Ui! Até hoje eu gostaria muito de saber o que foi que esse sujeito falou naquelas duas horas e quarenta de um sábado calorento nas Arcadas da famosíssima Faculdade de Direito do Largo de São Francisco. Na minha frente, tinha uma judia magricela que parece ter entendido absolutamente tudo o que o gringo falava. Assentia com a cabeça, parava, fazia anotações. Eu, ali, logo na primeira fila, sem entender uma vírgula de francês, arrependidíssimo de ter chegado cedo demais e de ter sido posto exatamente na bendita primeira fila porque o bedel disse que a preleção seria concorridíssima, segui o exemplo da magrela. Quando o professor dava uma ênfase na fala, eu assentia exageradamente com a cabeça, como se tivesse entendido tudo, e concordado com absolutamente quase tudo. Me virava de lado, na direção da magricela, fitava a judia nos olhos, com ares de “viu só, que profundidade?”.Ela concordava comigo, assentindo também com a cabeça e sorrindo discretamente, como quem diz, “Não falei?”. Uma completa interação mímica. Pasmem, senhores!: em “francês parisiense!”. Vendo aquela perfeita simbiose nossa, o professor se entusiasmava, levantava a voz, parava, tomava água, enxugava a testa, afrouxava uma gravata esquisitésima que não tinha nada a ver com um paletó todo amarrotado e fora de moda. Teve uma hora em que ele desplugou o microfone e ficou em pé.Foi a glória!Aí mesmo é que eu não entendi absolutamente nada! A judia magricela, não! Quase teve um orgasmo. Pensando melhor, teve! Ao final, encheu o sujeito de perguntas. Tudo em francês! Eu saí de fininho, em claro sinal de desaprovação do teor da palestra e do conteúdo das impressões pessoais do Ilustre Professor. Na saída, um sujeito gordinho, de gravatinha borboleta, terno risca-de-gis preto de tecido irlandês, suponho, pela finura da aparência e pela elegância do talho, e que eu nunca tinha visto na vida, aparteou-me educadamente, puxando prosa:
― Data venia, o nobre colega não vai ficar para o debate?
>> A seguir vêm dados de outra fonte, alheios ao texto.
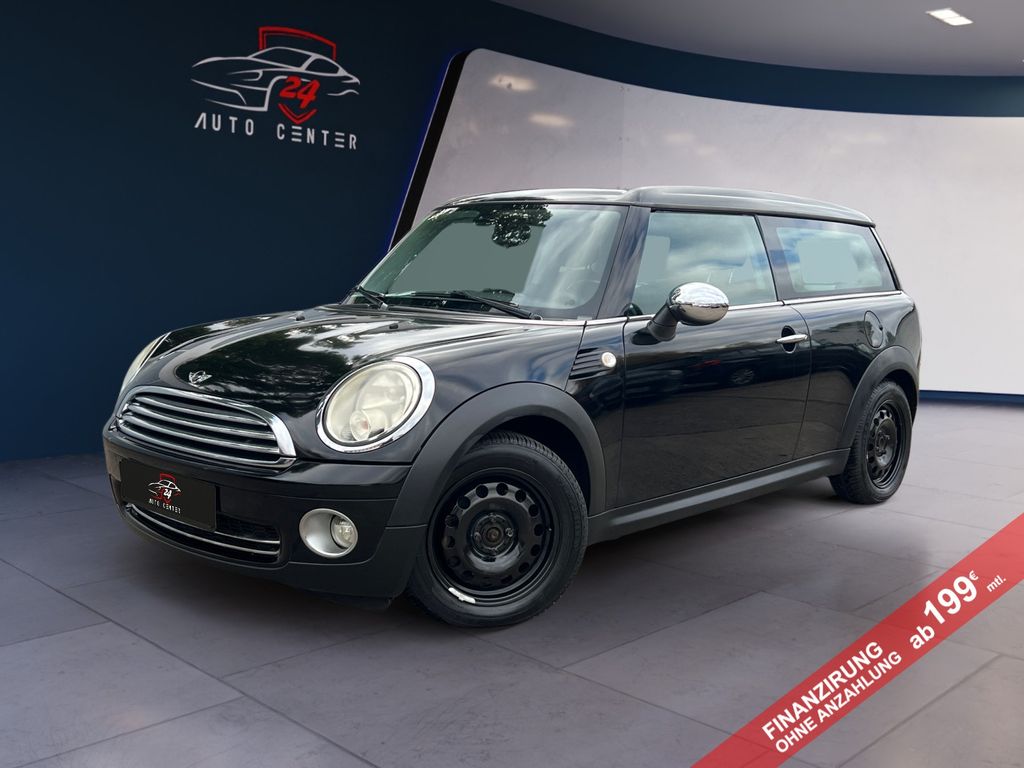 Bild des Angebotes MINI ONE Clubman/69.000KM/Klima/TÜV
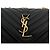 Autre Marque NUOVA BORSA A MANO SAINT LAURENT COLLEGE MEDIUM 487213 PELLE BORSA A TRACCOLLA Nero - vista 6
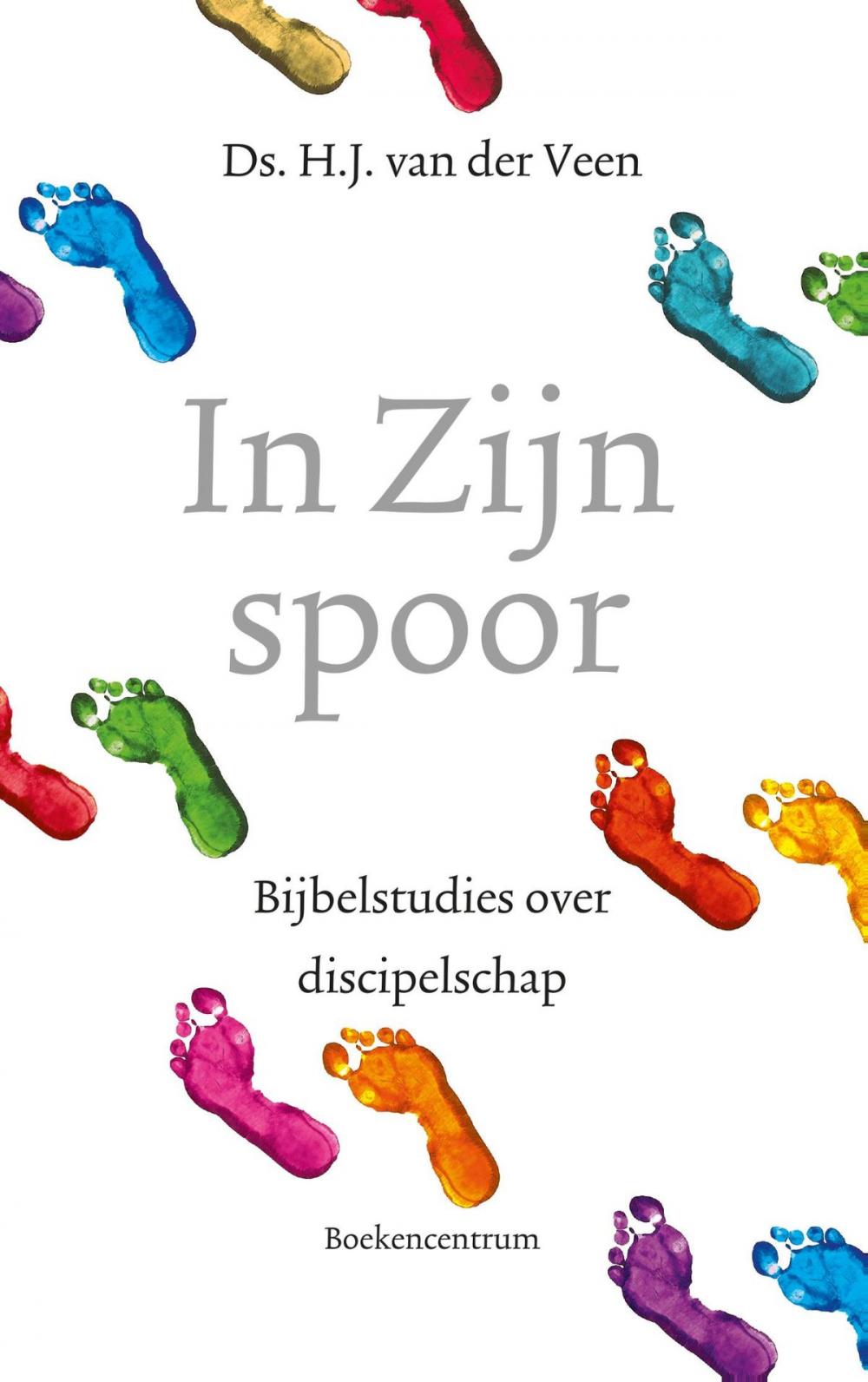 Big bigCover of In zijn spoor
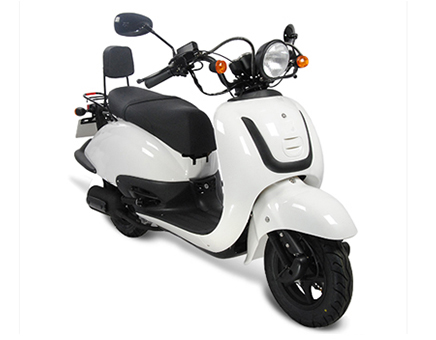 Onderdelen Eagle-Wing Torino wit zwart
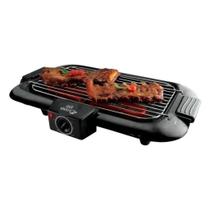 Churrasqueira Elétrica Super Grill Portátil 220V Útil Eletro 1900W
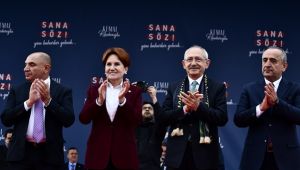 İYİ PARTİ GENEL BAŞKANI MERAL AKŞENER KOCAELİDE VATANDAŞLARA SESLENDİ;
Eu, que naquela época atendia ao balcão da 1ª Junta de Conciliação e Julgamento de São Paulo e não tinha grana nem pra comer, respondi-lhe, polidamente, como mandava a etiqueta en France:
― Não, colega, data venia, infelizmente não posso. Um desastre completo! Tomo o voo das 19 horas para o Rio, onde tenho uma reunião importante com um cliente exportador de componentes eletrônicos e não posso me atrasar. Qualquer coisa, depois pego anotações com os colegas. Mas, a propósito, se o nobre colega me permite uma inconfidência, tenho de admitir: não concordo com algumas ideias do professor, que já conhecia de um seminário na Universidade de Lion, especialmente quando ele se refere à dinâmica do direito ou à sua dessincronia em face da estigmatização da cultura, mas que os seus argumentos são, na maioria, absolutamente irrespondíveis, ah!, isso o são.
Eu nem sabia se existia esse negócio de "dinâmica do direito", "dessincronia ou estigmatização da cultura". Pra ser sincero, nem sei se o tal professor falou algo parecido. Eu não entendo merda nenhuma de francês! Ouvi um som lá, parecido com dinamique e estigmatización e “je sui”, mas bem podia ser que o sujeito estivesse se referindo a dinamite, fornicação e caqui, ou tenha tido a indelicadeza de revelar que era uma tal de “Dominique Mignon que eu comi”. Sei lá! Falei só pra tirar onda. O cara também não deixou por menos:
― E-xac-te-ment!, caprichou no francês, assim, “parisiense”, pausado em cada letra. Acho que era a única palavra que aquele bosta conhecia do idioma. Respirou fundo e arrematou:
― Concordo inteiramente com o nobre colega!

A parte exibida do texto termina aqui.